#### [Exercise prompt]
The line containing "Klauka Micro, the", plus every line that follows it to the end of the listing below, is what you transcribe exactly; omit all pictures.

#### [Source material]
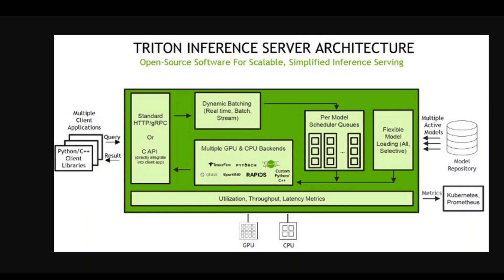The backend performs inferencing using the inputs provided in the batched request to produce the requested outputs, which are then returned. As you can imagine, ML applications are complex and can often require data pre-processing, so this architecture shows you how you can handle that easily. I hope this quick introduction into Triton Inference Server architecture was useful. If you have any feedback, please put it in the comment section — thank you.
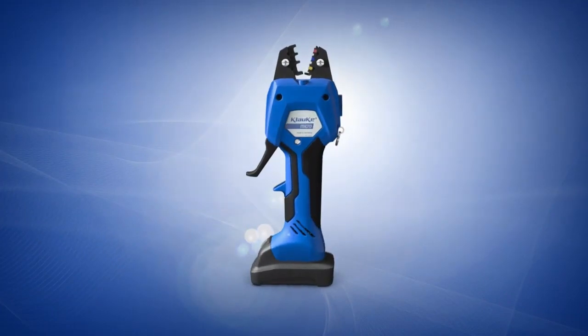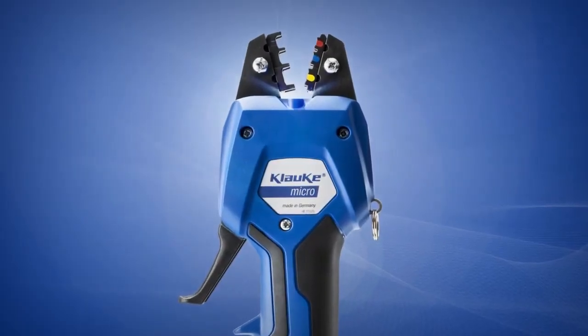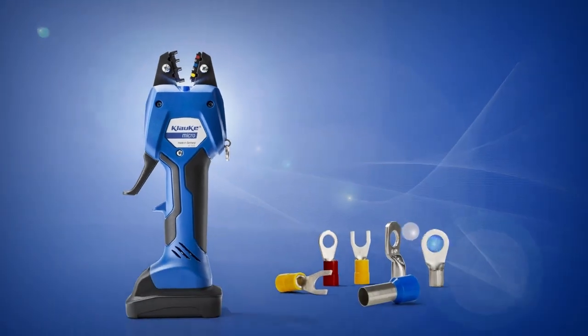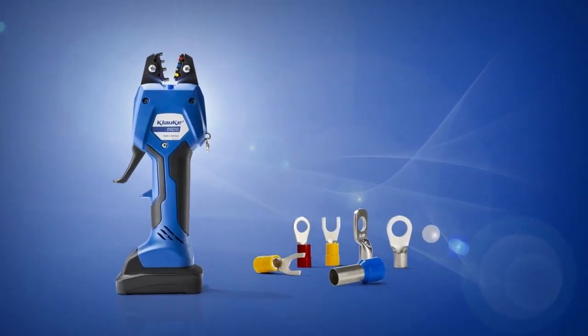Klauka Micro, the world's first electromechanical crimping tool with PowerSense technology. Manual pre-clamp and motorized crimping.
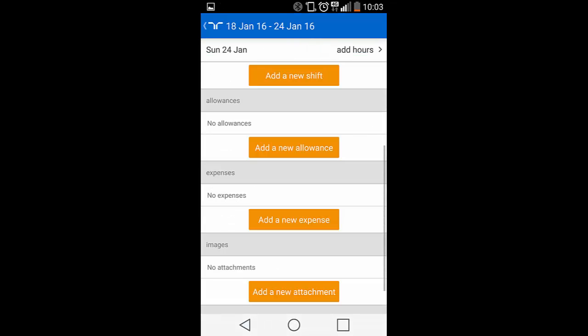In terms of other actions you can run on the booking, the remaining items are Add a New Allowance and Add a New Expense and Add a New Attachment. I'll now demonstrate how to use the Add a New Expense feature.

#### [Exercise result]
Klauka Micro, the world's first electromechanical crimping tool with PowerSense technology. Manual pre-clamp and motorized crimping.
In terms of other actions you can run on the booking, the remaining items are Add a New Allowance and Add a New Expense and Add a New Attachment. I'll now demonstrate how to use the Add a New Expense feature.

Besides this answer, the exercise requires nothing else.